→ Exercise description: Below is a listing from which only part is wanted; return exactly the lines from the one with "Orange Burst Metallic" up to and including the one with "Paravento 3 Pannelli".

╭─ Data section

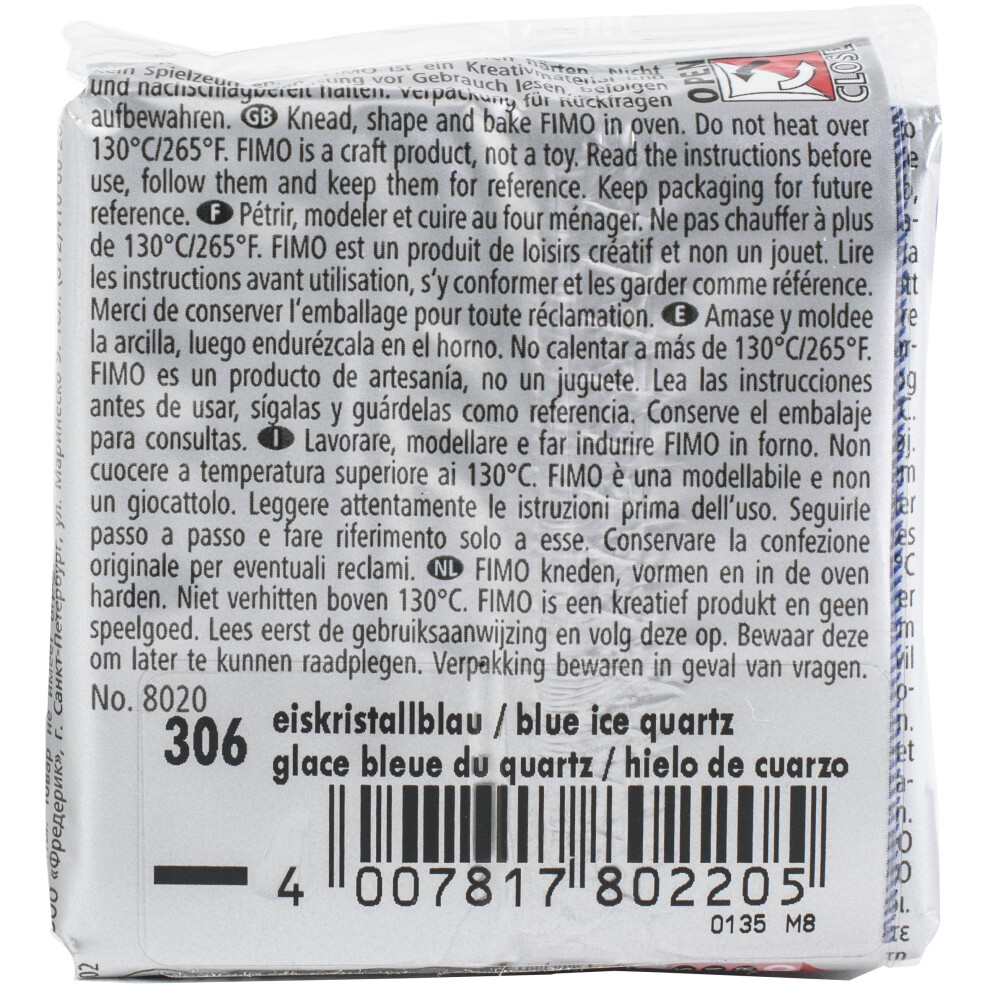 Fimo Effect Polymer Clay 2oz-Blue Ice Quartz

╰─
╭─ Data section

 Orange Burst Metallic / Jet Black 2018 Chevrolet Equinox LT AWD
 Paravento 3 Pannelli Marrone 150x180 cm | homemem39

╰─

→ Expected output:
 Orange Burst Metallic / Jet Black 2018 Chevrolet Equinox LT AWD
 Paravento 3 Pannelli Marrone 150x180 cm | homemem39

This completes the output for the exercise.